▼▼▼

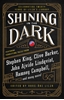 Afbeelding van Shining in the Dark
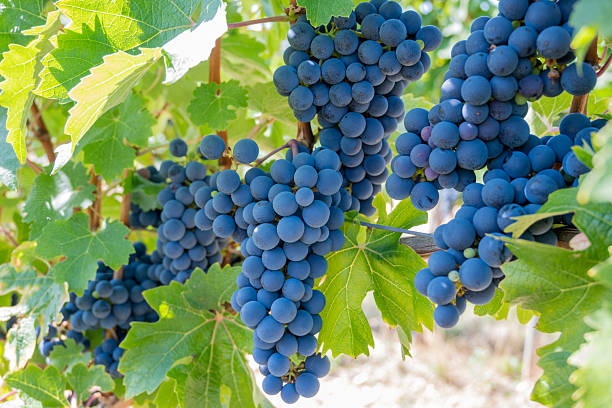 istock Large bunche of red wine grapes in summer vineyard. 2236942622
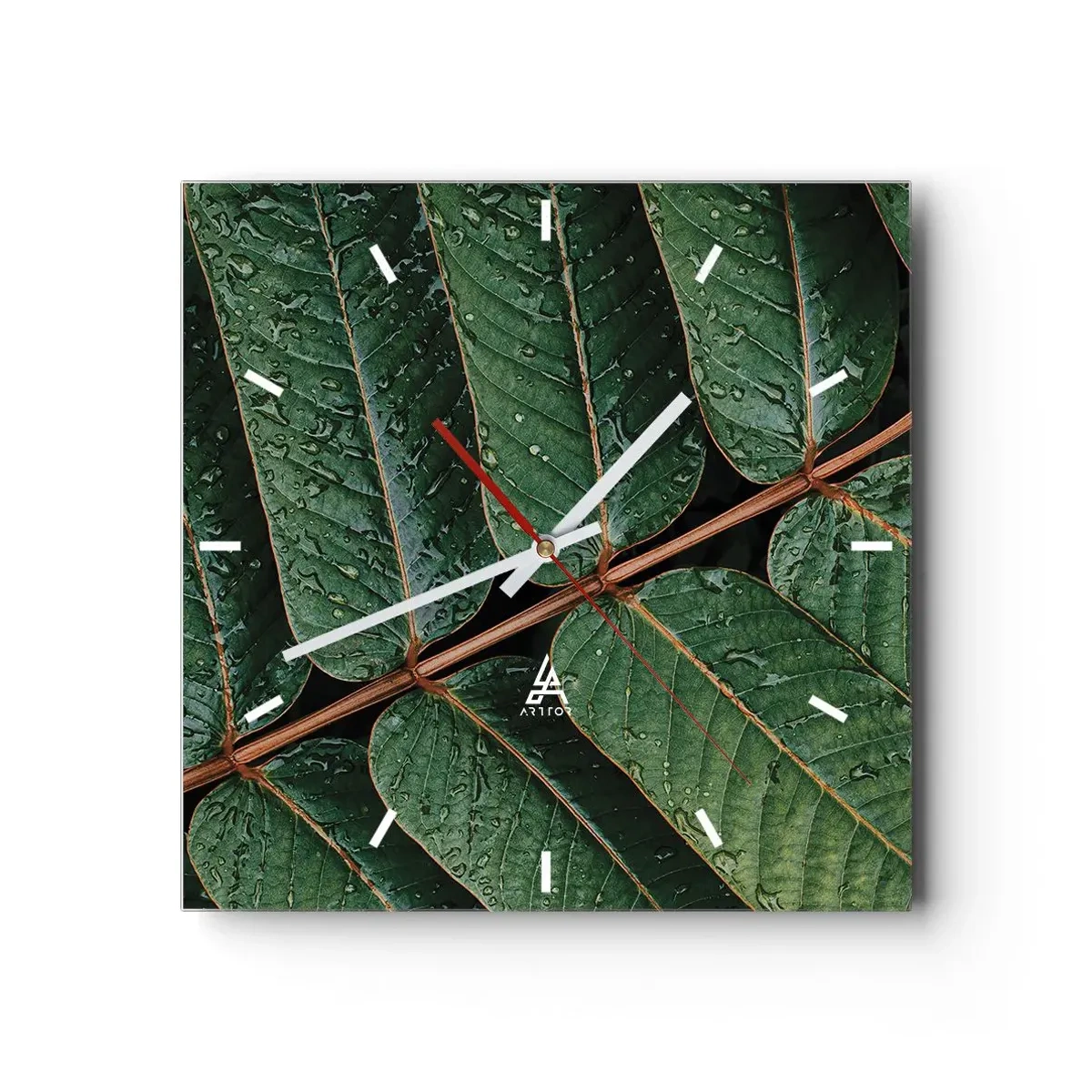 Ceas de perete - Ceas pe sticlă - Într-un ritm verde - 30x30 cm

▲▲▲

● **Problem statement**: With the pictures omitted, give every line above again exactly.

● **Result below**:
 Afbeelding van Shining in the Dark
 istock Large bunche of red wine grapes in summer vineyard. 2236942622
 Ceas de perete - Ceas pe sticlă - Într-un ritm verde - 30x30 cm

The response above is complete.